So here is what I'm thinking of doing. Please point out any mistakes I'm making. Like I said, I've never done this before. 
1. I've removed all the loose tiles. 
2. I still need to remove some remaining stubborn hardened thinset, but trust me, there isn't much of that. I'm using a hammer and screwdriver, very tedious.
3. Should I clean the original tile with muriatic acid or something harsh like that? I want to make sure I don't have this problem again. I don't want to have to sand it as I would have to do that by hand. 
4. Then from what people at the tile place said I need to put down a coat of Plasterbond. It's blue stuff with a consistency about like salad dressing in a bottle. Has anyone used it before? Does it need to dry before I put the thinset down? I haven't found a reference on the internet to it being used for tile but it seems to be commonly used here. 
5. From reading on the internet I'm confused about what is Modified and Unmodified thinset. Can someone explain that to me? And which should I be using and why? I can't guarantee I'll be able to find it, but I'll look.
6. Sorry, I'm such a novice but do I just spread the thinset on the back of the tile like frosting a cake or do I have to put the streaks through it? Is that called combing? And what is the purpose of that?
7. And I cover the entire tile, right? Not just the center or the edges?
8. Then I put the tile down on the floor, right? Do I wiggle it around and press it down at the same time to get a good connection?
9. If you don't want to answer all these questions, is there a website where they could give me a detailed step by step procedure?
Thanks for any help you can give me. Carole (morlaine)


----------



## oh'mike

"Mud" What Is It? - Kitchen & Bath Remodeling - DIY Chatroom - DIY Home Improvement Forum

This explains thinset very well---in a nutshell--unmodified=just cement and sand--surface must be ideal to use this--

Modified--has powdered latex in the bag and sticks very well over most surfaces

Liquid latex added to unmodified ===stickiest of the three--best for tile over tile--

Muriatic acid---do not do that---the acid will clean the face of the tile---but --if it gets under the tile it will weaken the old thinset and could cause a failure of the old tile--


----------



## Blondesense

Morlain, I'm no expert, having done all of two tile jobs myself, but I'll share what I know.
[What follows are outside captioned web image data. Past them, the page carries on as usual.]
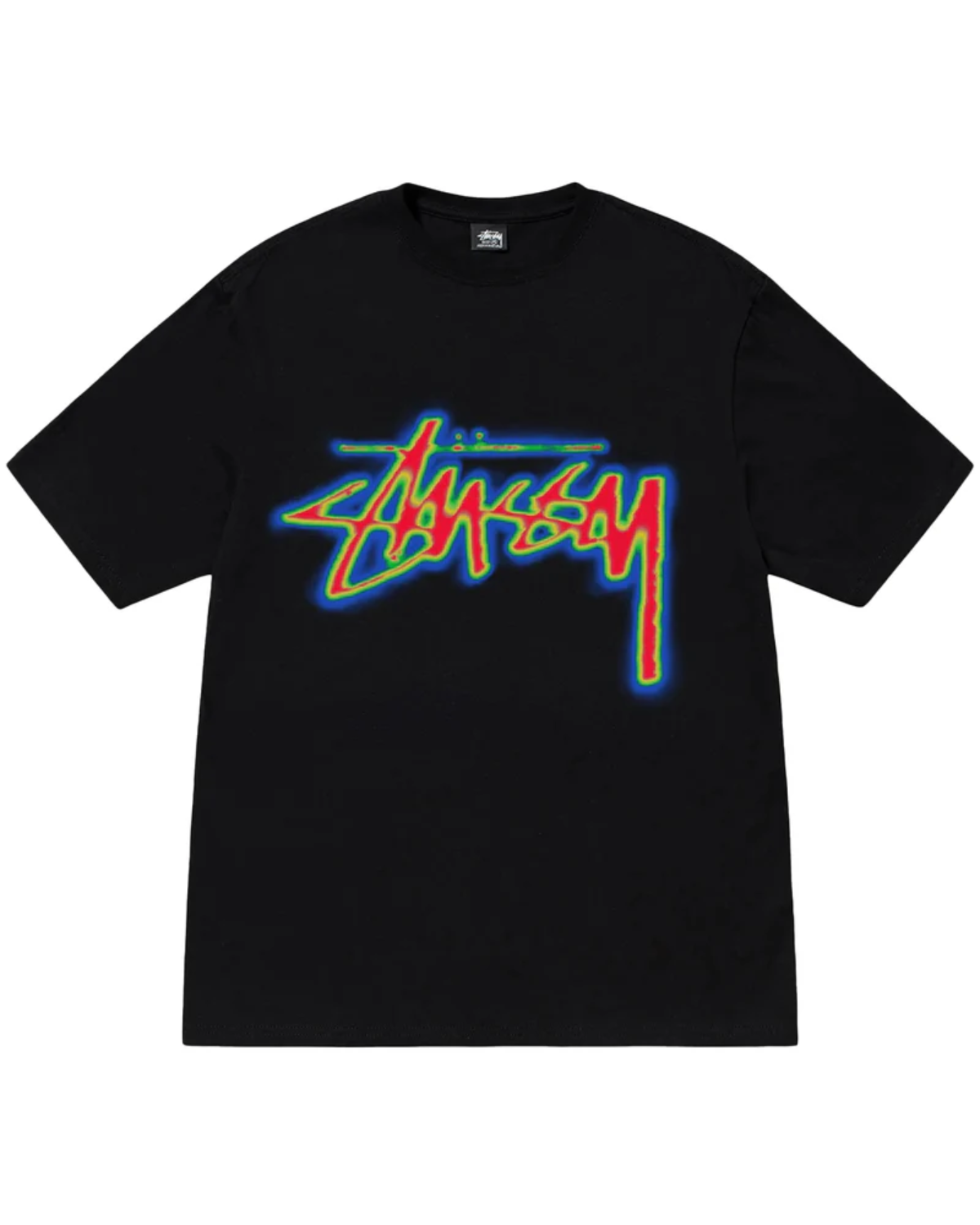 Stüssy Thermal Stock Tee Black *OKAZJA* Image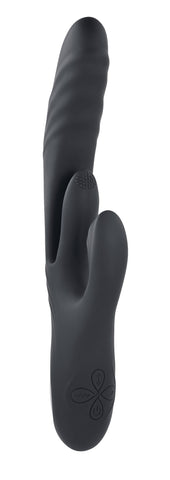 Playboy Pleasure RAPID RABBIT Vibrator with Thrusting Fun > Vibrators > Ladies > Rabbit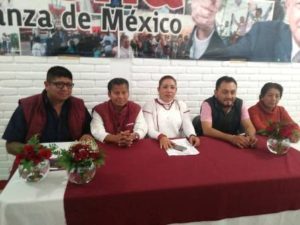 Presidenta del Comité Directivo Estatal del Partido Morena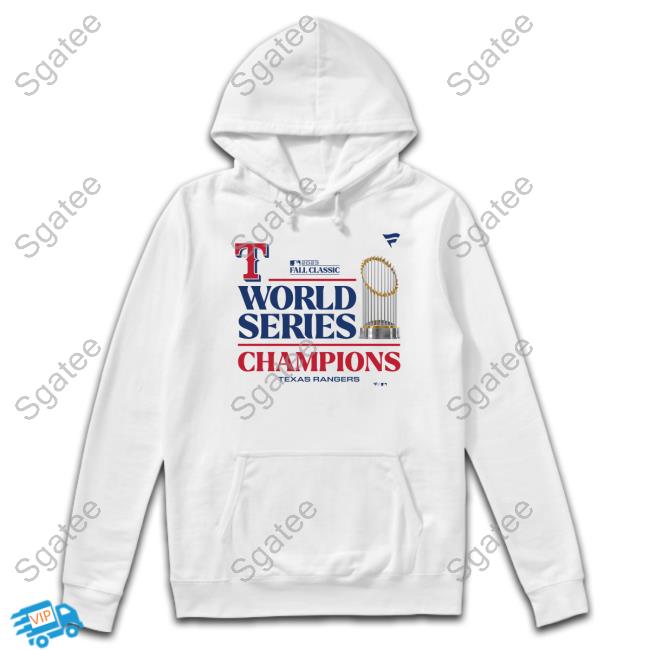 Texas Rangers Fanatics Branded 2023 World Series Champions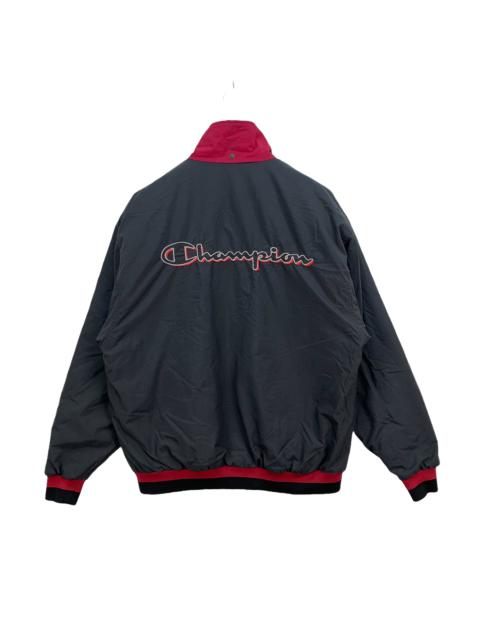 Other Designers Vintage - Vintage Champion Embroidery Big Logo Light Jacket #3981-137
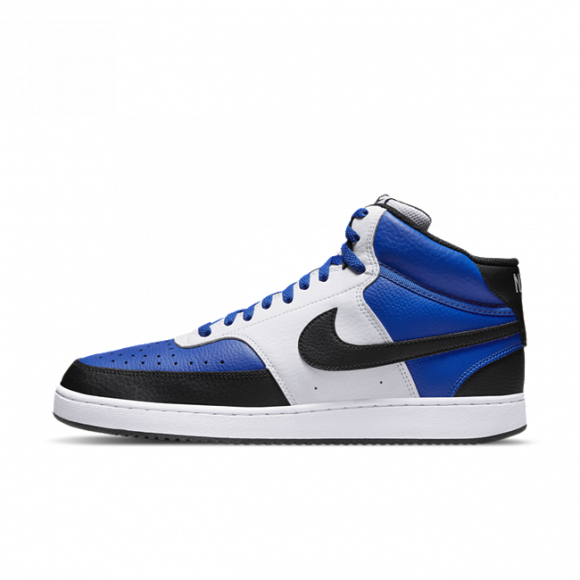 Nike Court Vision Mid Men's Shoes - Blue - DM1186-400
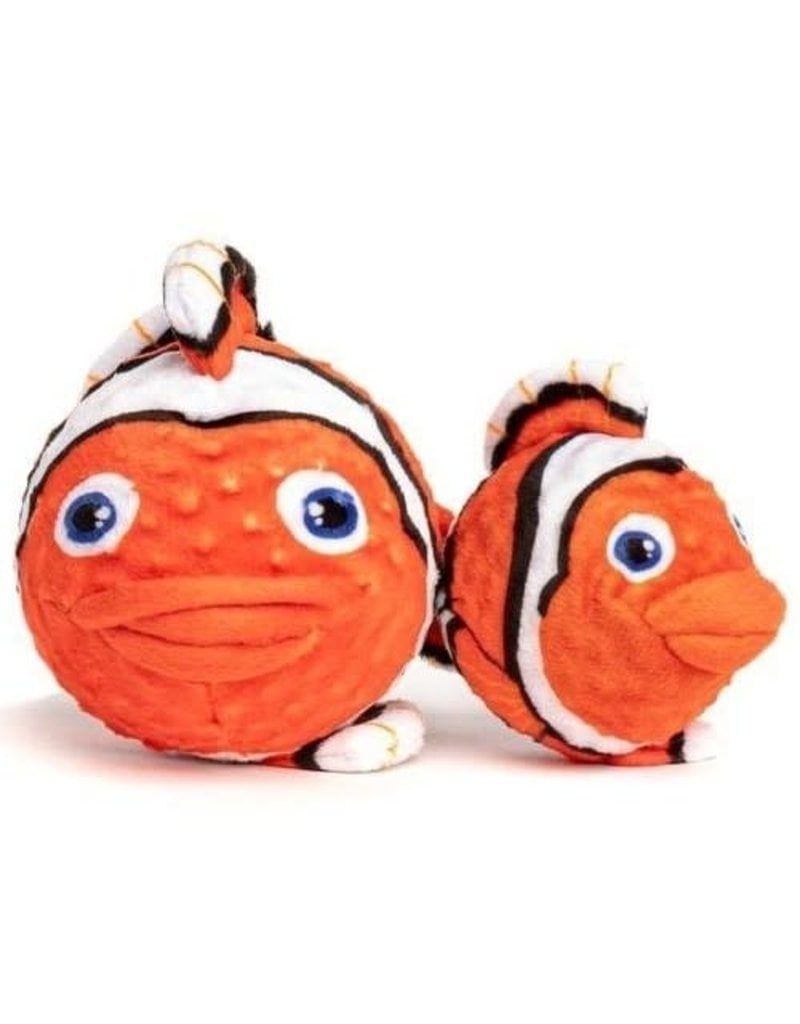 FabDog FAB DOG Clown Fish Faball Toy S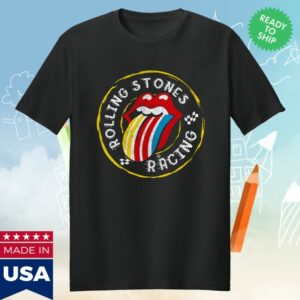 The Rolling Stones Shop Merch The Rolling Stones X Nascar Lick Racing T-Shirt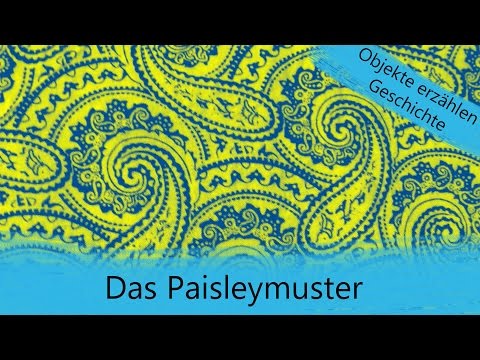 Video: Was Ist Paisley-Muster?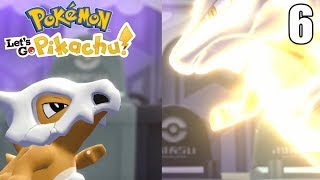 CUBONE SE DESPIDE 😢 y ¡BLUE SALVAJE APARECE  Pokémon Lets Go 6 En Español  Switch [upl. by Salvidor]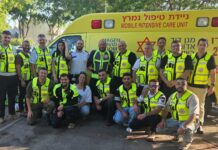 מועצה אזורית גולן: 21 חובשי רפואת חירום מתנדבי מד"א הצטרפו ליחידת הכוננים של הארגון וקיבלו תיקי כונן איתם יצילו חיים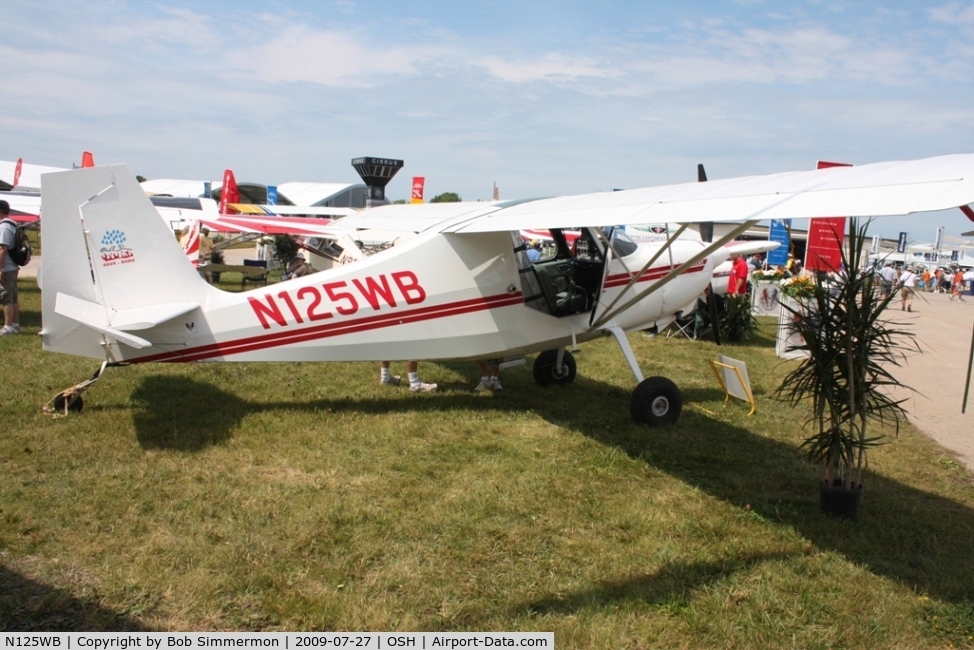 N125WB, 2008 American Champion 8GCBC Scout C/N 505-2008, Airventure 2009 - Oshkosh, Wisconsin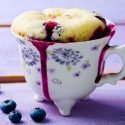 Blueberry Mug Cake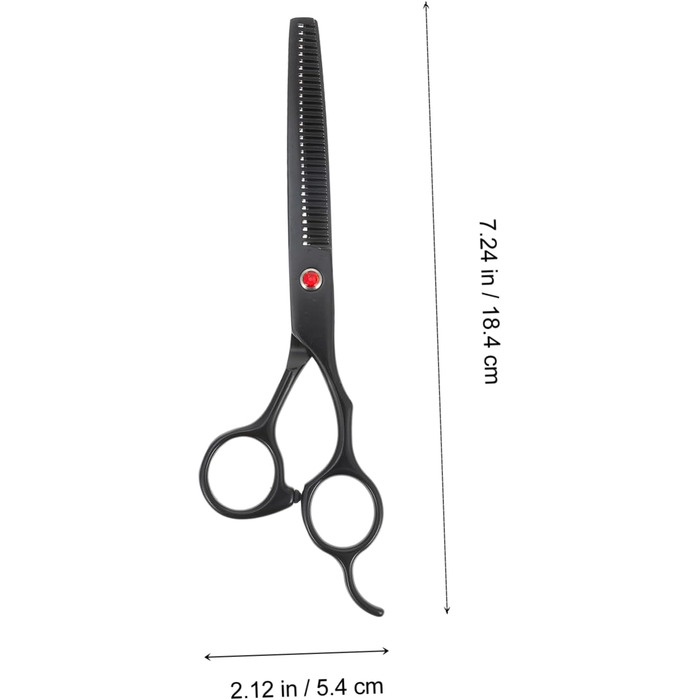 Професійна ножиці для стрижки волосся PACKOVE: для перукарів, барберів та домашнього використання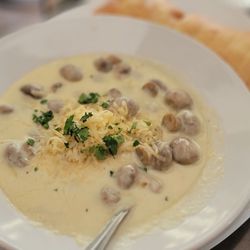 Brick House Restaurant & Lounge - Mushroom dip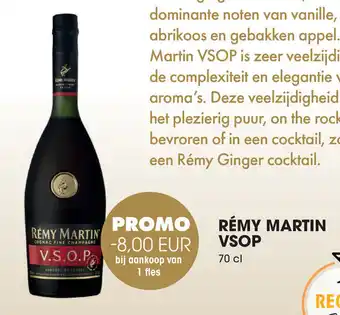 Prik en Tik Remy Martin VSOP aanbieding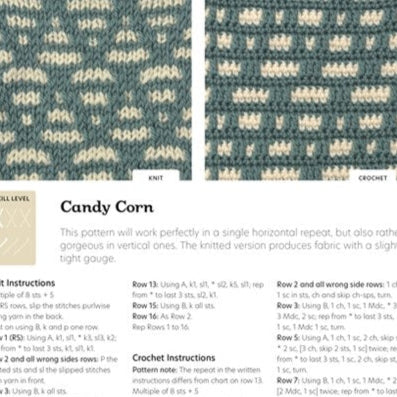 Mosaic Chart Directory for Knitting and Crochet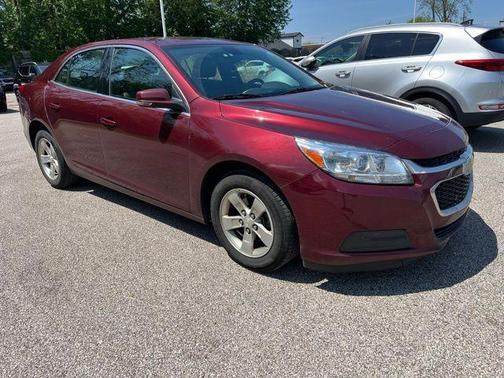 Red Metallic 2016 Chevrolet Malibu Limited LT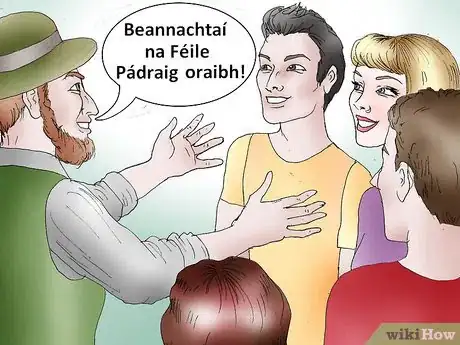 Image titled Say Happy St. Patrick's Day in Gaelic Step 4.jpeg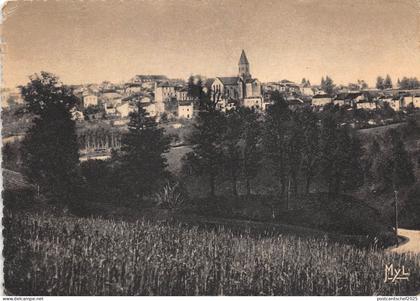 BR28528 Chateauponsac vue generale france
First, you might also want to check the rest of your tiles to see if any are loose. If you take a screwdriver or hammer and tap the tiles with the _handle_, loose tiles will give a different hollow sound than secure ones. 

Then, yes, you want full coverage on the tile. You need a notched trowel. They come with different size notches depending on the size of your tile. You can either spread it on the floor or you can spread it on the tile. First use the smooth side of the trowel to spread it, then use the notched edge to put the streaks in it. The streaks ensure even coverage of the thinset and better adhesion. And then press it firmly in place. 

One other thing I will mention is to bring one of your old tiles with you when looking for new. You want to make sure there is no significant difference in the thickness of the tile. If anything, you probably want to look for a slightly thinner tile since you will be using more thinset than they did. :whistling2:

Lastly keep in mind that although you could be right that the reason for the failure was lack of thinset, there are other possibilities and there is no guarantee that this problem won't happen again.


----------



## morlaine

*Tile on Tile response to Blondesense*

Hi Blondesense,
Do you live close to Salem MO? I would like some info about southern MO if you have the time. 
Thanks for your post, the info was very helpful. Regards, Carole (morlaine)


----------



## greg.digi

*question about tile over tile*

*ceramic tile over existing tile*

Hi, I have a question about installing ceramic in a bathroom. The room is 5x9. My original plan was to go over the old tile with new. The old tile is solid, flat, and over a mud bed. The problem that came up is that I removed the old tub because of leaks and found some of the 3/4 floor planks rotted. I had to replace them under the tub and had to go 1 full board into the existing tile. SoI had to remove 7" of the old tile and mud. I cut it out pretty clean with a diamond blade. So now I'm left with a void about 7' wide 3' deep to fill in next to the tub. What should I fill this in with and if cement how do I get it th bond to the side of the old tile and mud that was cut? what do I do to avoid this seam as a potential cracking area? Thanks Greg


----------